UNITED STATES DISTRICT COURT SOUTHERN DISTRICT OF FLORIDA
Dec 20, 2018
CASE NO.: 18-cv-23443-GAYLES (S.D. Fla. Dec. 20, 2018)

Opinion

CASE NO.: 18-cv-23443-GAYLES

12-20-2018

CARACOL TELEVISION, S.A., Plaintiff, v. TELEMUNDO TELEVISION STUDIOS, LLC., TELEMUNDO INTERNACIONAL LLC, and TELEMUNDO NETWORK GROUP, LLC, Defendants.


ORDER

THIS CAUSE comes before the Court on the Motion of Plaintiff Caracol Television, S.A., for Entry of Preliminary Injunction (the "Motion") [ECF No. 3]. The Court has reviewed the briefs, the arguments of counsel, the record in this case, and is otherwise fully advised. Because the Court finds that Plaintiff has not met its burden to establish that irreparable injury will be suffered in the absence of an injunction, Plaintiff's Motion is denied.

I. Background

This is a dispute over use and ownership of a telenovela character. According to the allegations in the Amended Complaint, Plaintiff and Defendants, Telemundo Television Studios, LLC., and its affiliates ("Telemundo"), are both media production companies. At one time, they partnered to jointly develop, produce, and distribute a telenovela titled "El Senõr de los Cielos" (the "Telenovela"). As part of this, the parties entered into several different contractual agreements regarding: (1) the parties' individual rights to certain exclusive exploitations and distributions of the Telenovela; (2) the copyright to the script, given jointly to the parties; (3) the copyright to the Telenovela, given jointly to the parties, and; (4) the ownership, development, and distribution rights for derivative works of the Telenovela, given jointly to the parties. Most notably for this Motion, the parties also entered in an agreement regarding production and distribution of a sequel to the Telenovela (the "Letter Agreement").

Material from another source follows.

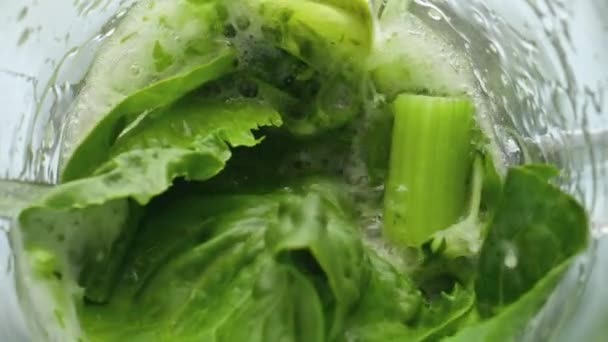 Szekrény zöldek keverése elektromos mixer szuper lassított felvételen. Top view nyers kelkáposzta petrezselyem zeller keverés turmixgép az egészséges vitamin koktél. Egészséges vegetáriánus zöldség elkészítése. - Felvétel, videó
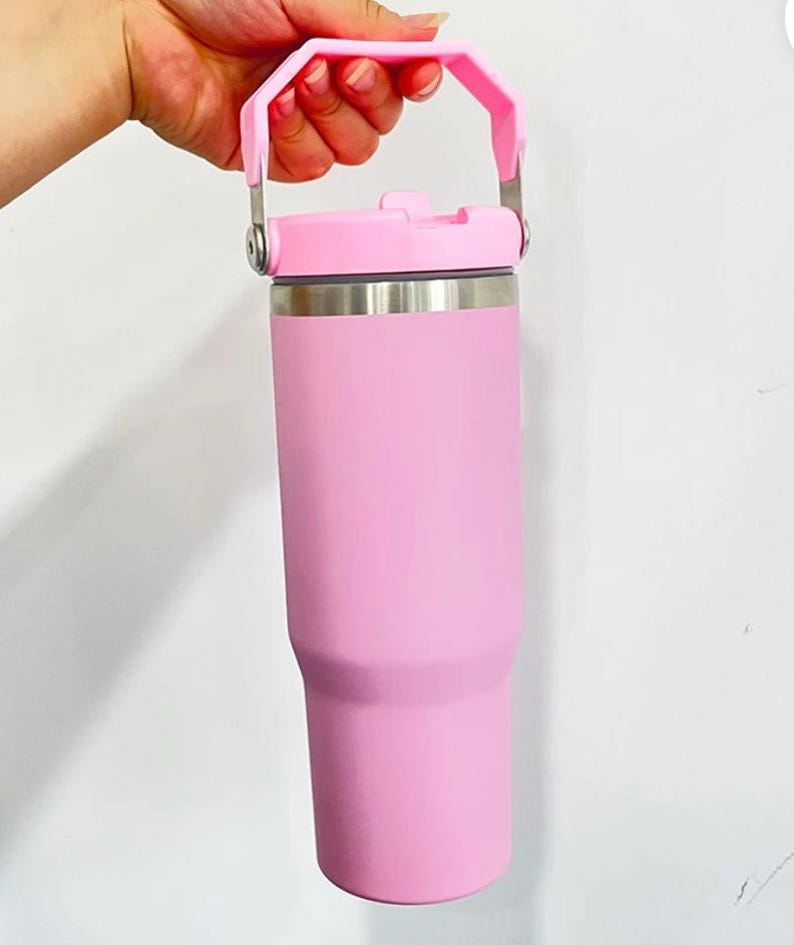 May include: A pink insulated tumbler with a matching handle and lid. The tumbler is held by a hand, showcasing its cylindrical shape and stainless steel accents. The handle is attached with silver metal hardware.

The Letter Agreement provided that Telemundo would produce and distribute a sequel, subject to certain exhibition rights granted to Caracol. It gave Telemundo the right to "use all elements (e.g., characters . . .)" of the original show and the "right, title and interest (including copyright), throughout the universe in and to the Sequel . . . and all elements[,] underlying works or portions thereof, . . . in any and all media and formats[,] now known or hereafter devised, in perpetuity, including without limitation all literary, dramatic[,] and other material contained therein, . . . ." [ECF No. 7, ¶ 20 (citing Exhibit C, at 3)].

The Telenovela featured a character known as "El Cabo." Caracol alleges that El Cabo is a distinctive character with certain features that make him noteworthy, or in other words, subject to a copyright. The parties contest whether the Letter Agreement gave Telemundo a license or a copyright over El Cabo or merely gave Telemundo the right to use El Cabo for specific scenes in the Telenovela and a few additional scenes in other telenovelas.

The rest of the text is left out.